The State of Freight in Europe
Future of Supply Chain, Episode 19
April 6, 2019
On Episode 19 of The Future of Supply Chain, we had the chance to sit down with Julius Kohler of sennder to discuss the current state of freight in Europe. Based in Berlin, sennder is the leading European digital freight broker. Sennder’s platform connects commercial businesses with freight carriers across the entire European Union, and offers real-time booking coupled with complete transparency within the supply chain. They have found the perfect spot between small and large carriers, and typically work with fleets of 10–50 vehicles. While most of these carries already have proprietary tracking, sennder is able to connect them with a myriad of different assisting carriers.
An industry filled with middlemen and underutilized supply
Julius opens our conversation with his thoughts regarding the current state of the European freight industry.
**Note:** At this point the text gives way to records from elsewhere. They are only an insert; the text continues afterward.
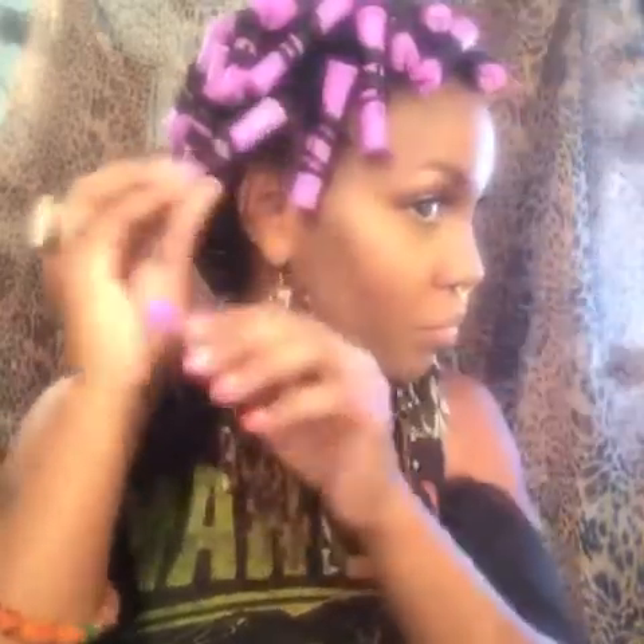Hey guys, this is part two to my coiled Bantu rod set. I didn't think it was going to come out so great, so I had to do a part two. This is how it's coming out — I just let it air dry overnight and I'm starting in the back, just gently unrolling the rods. I just love the way this set came out.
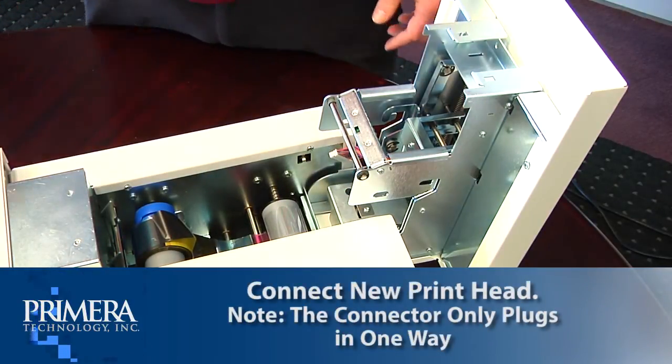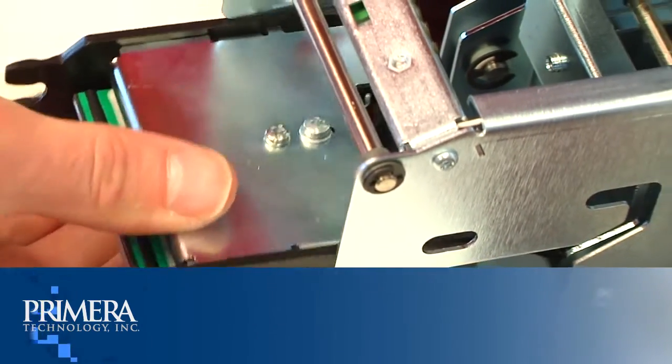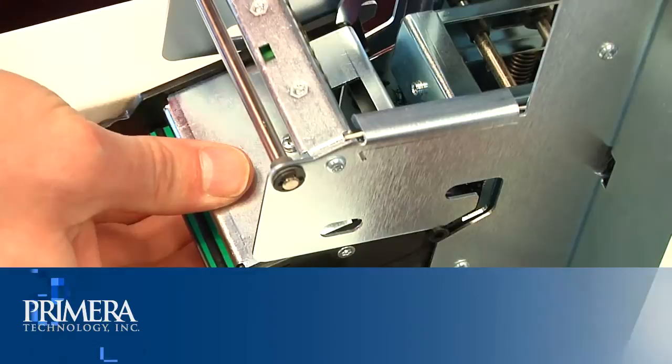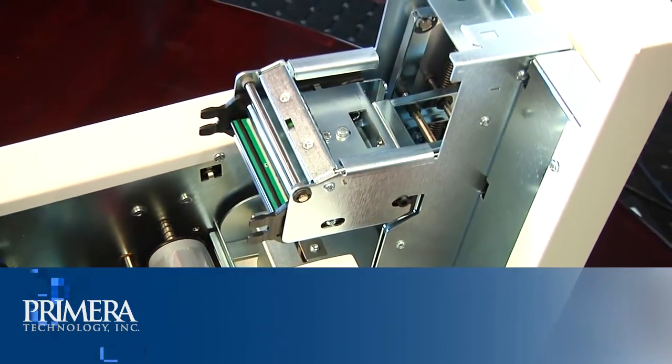Locate the new printhead and connect it. Note that the connector only plugs in easily one way — make sure you have it installed in the correct orientation. Rotate the printhead 180 degrees and push it back into the metal housing.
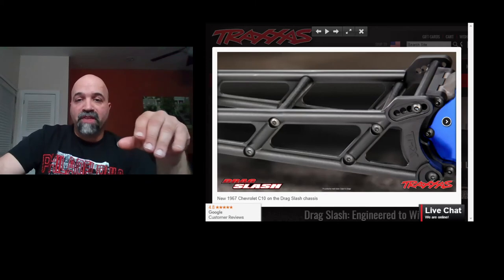You do have an adjustable wheelie bar in the back, as you guys can see here.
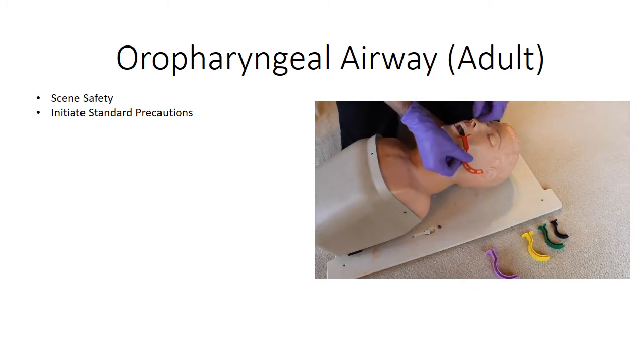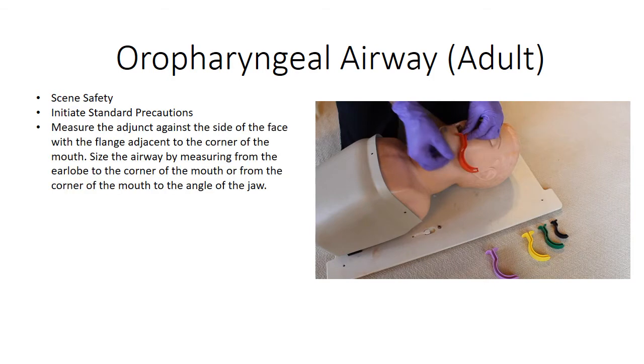Hold the adjunct against the side of the face with the flange adjacent to the corner of the patient's mouth. Size the airway by measuring from the patient's earlobe to the corner of the mouth, or from the corner of the mouth to the angle of the jaw.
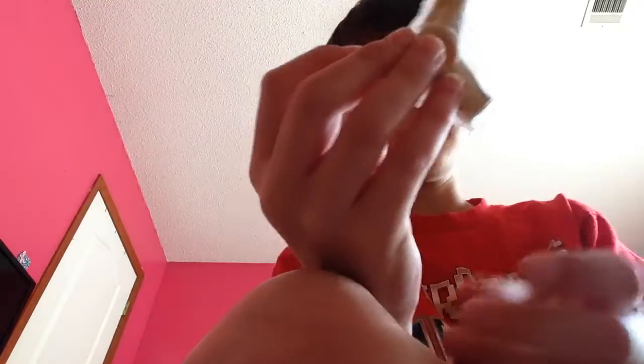I'll show you it. If you're wondering where I got this spinner, it's called Spin It Spinners. Yeah, this is the box it came with.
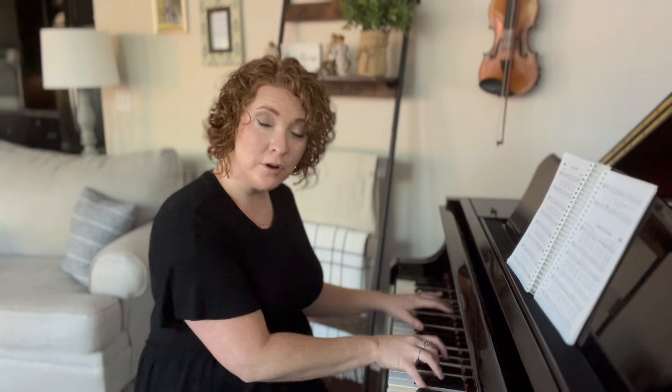On 'And Can It Be,' in the chorus where the singers are singing 'amazing love' and holding it out, I'm going to play a unison melody — that means in both hands I'm playing the melody as an octave in the right hand and a single note in my left hand with no chord in between. I'm playing 'amazing' and then I echo that with a chord.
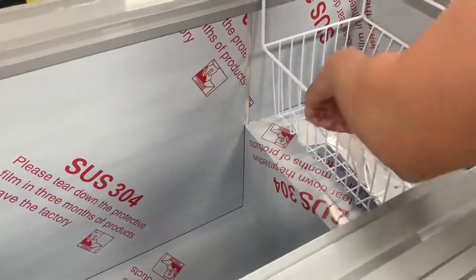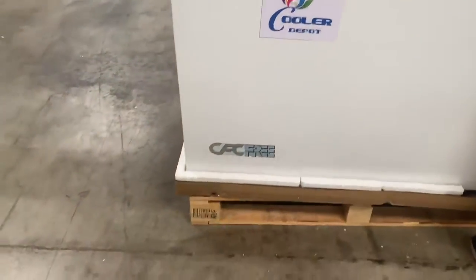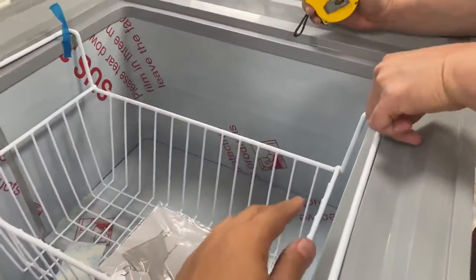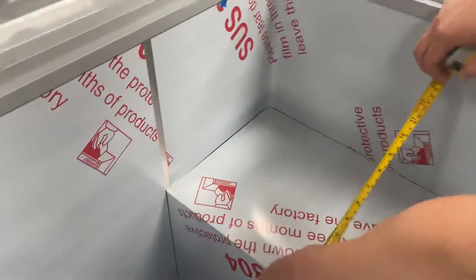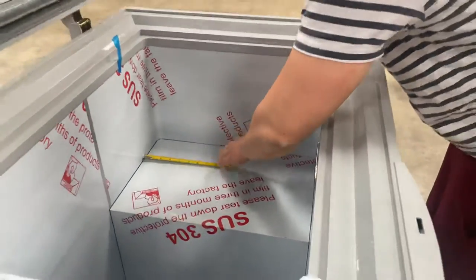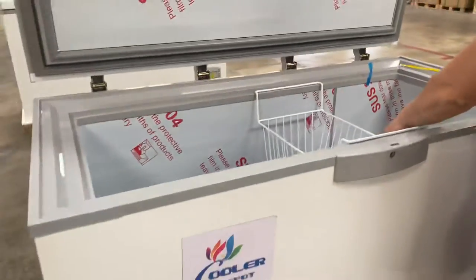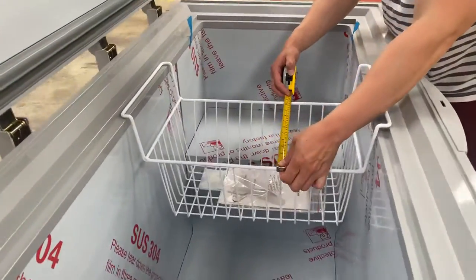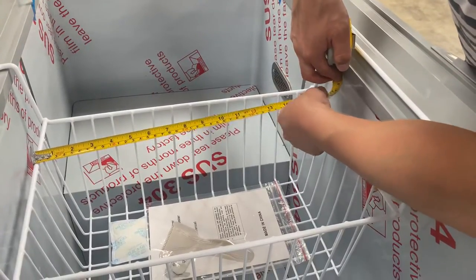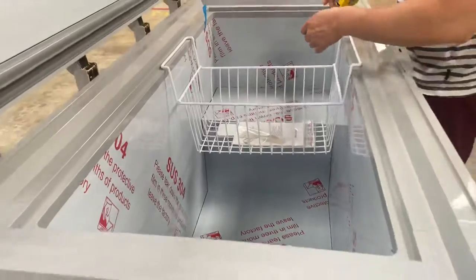Last but not least, let me show you the dimensions of the step itself. The step length is 11 and three quarter inches, and the depth is 18 and a half inches. Now for the basket: the length is 10 and three quarter inches, the depth is 16 and a half inches, and the height is six and three quarter inches. Those are the measurements of the basket.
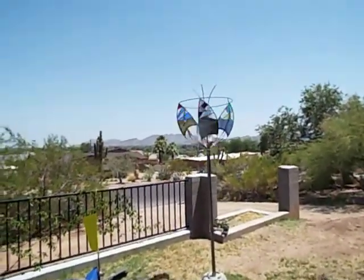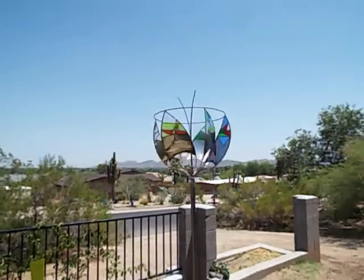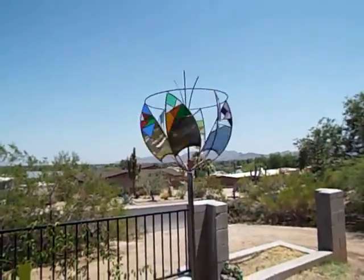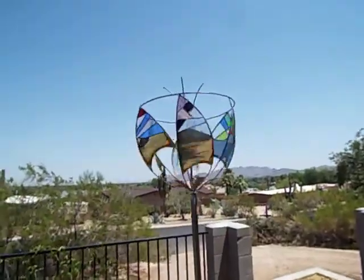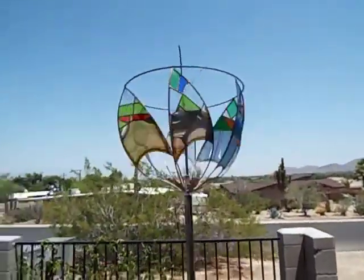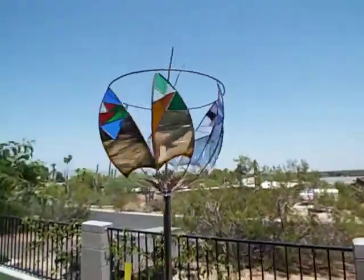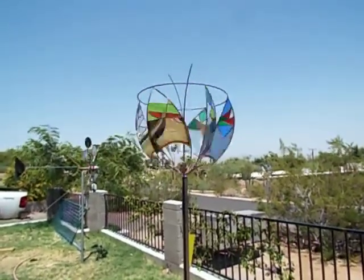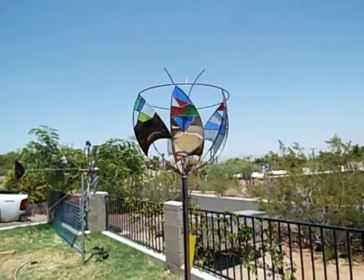Here's Whirlygig number five. I decided to use some different materials — a little bit of stained glass, a little leaded glass. It's not completely finished yet, but I got it up on its post to see if it would spin. It works pretty good. I like this one.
Much like the United States, he believes that the process is still very traditional. Most booking is still done by fax, tracking is over the phone, and documents are still paper, which leads to a very low-tech industry. Julius’ number one concern for the industry is, the amount of middlemen who are fragmenting the industry. He says that there can easily be six layers of middlemen standing in the way of shippers and their logistic operators. Not only that, but middlemen can be taking up to 30% of the margin in freight forwarding. Julius also notes that the industry is still highly inefficient, with nearly 65% of vehicles going partly loaded, and the other 35% going completely empty. Lastly, Julius believes the lack of digitization is holding the industry back tremendously. He adds, “It should not be taking 45 minutes to book a shipment, we need to streamline the process.”. Platforms such as sennder are upsetting the status quo, and making the industry a less traditional process.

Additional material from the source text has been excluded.